[Start of section]

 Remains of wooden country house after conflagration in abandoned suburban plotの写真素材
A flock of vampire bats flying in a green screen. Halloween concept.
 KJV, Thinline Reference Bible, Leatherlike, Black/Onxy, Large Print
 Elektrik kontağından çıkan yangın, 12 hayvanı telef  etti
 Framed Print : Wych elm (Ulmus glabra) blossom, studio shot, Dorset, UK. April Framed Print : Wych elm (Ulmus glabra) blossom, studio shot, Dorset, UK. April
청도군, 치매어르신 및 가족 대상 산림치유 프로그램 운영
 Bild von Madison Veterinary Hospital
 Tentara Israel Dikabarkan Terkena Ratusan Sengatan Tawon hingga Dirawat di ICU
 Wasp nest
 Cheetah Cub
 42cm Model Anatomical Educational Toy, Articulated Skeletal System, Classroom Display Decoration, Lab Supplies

[End of section]
[Start of section]

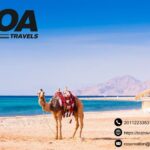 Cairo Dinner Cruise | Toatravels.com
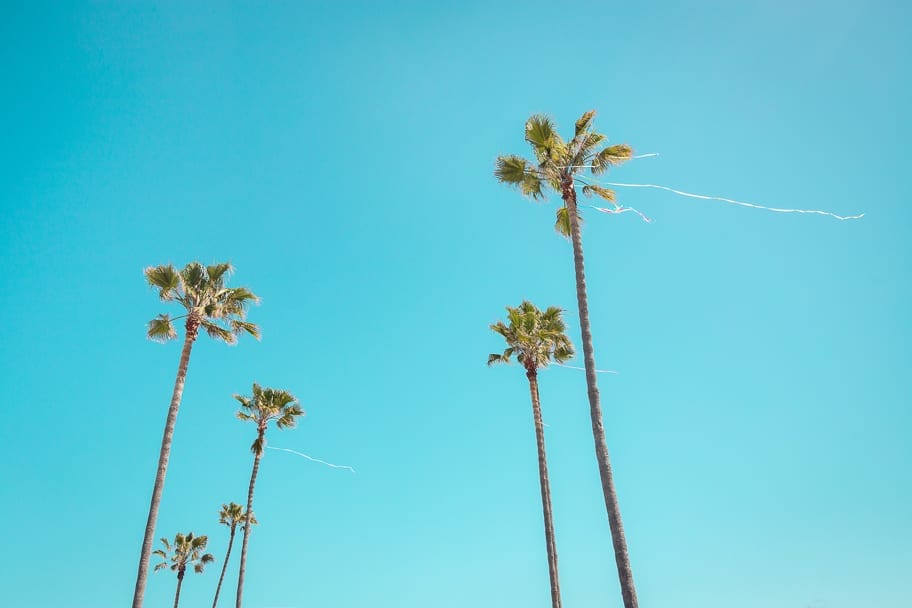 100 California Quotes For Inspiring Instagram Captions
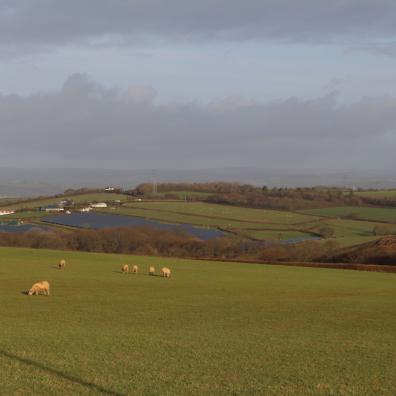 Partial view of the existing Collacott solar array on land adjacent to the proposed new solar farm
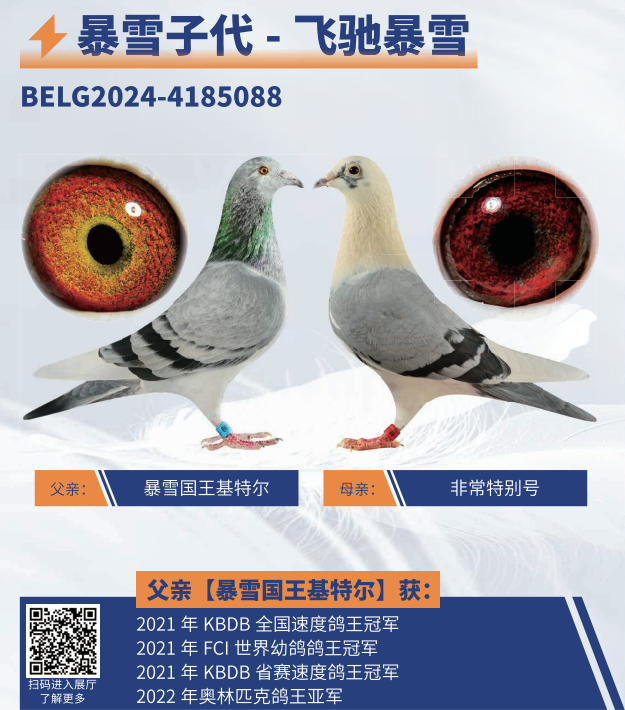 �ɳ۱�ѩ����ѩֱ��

[End of section]
[Start of section]

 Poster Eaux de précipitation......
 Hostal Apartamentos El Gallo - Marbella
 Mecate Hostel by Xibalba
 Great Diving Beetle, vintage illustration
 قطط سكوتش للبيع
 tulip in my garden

[End of section]

From the data above, return every line from the line that has "Tentara Israel Dikabarkan" up to and including the line that has "42cm Model Anatomical", exactly.

## WRITTEN REPLY
 Tentara Israel Dikabarkan Terkena Ratusan Sengatan Tawon hingga Dirawat di ICU
 Wasp nest
 Cheetah Cub
 42cm Model Anatomical Educational Toy, Articulated Skeletal System, Classroom Display Decoration, Lab Supplies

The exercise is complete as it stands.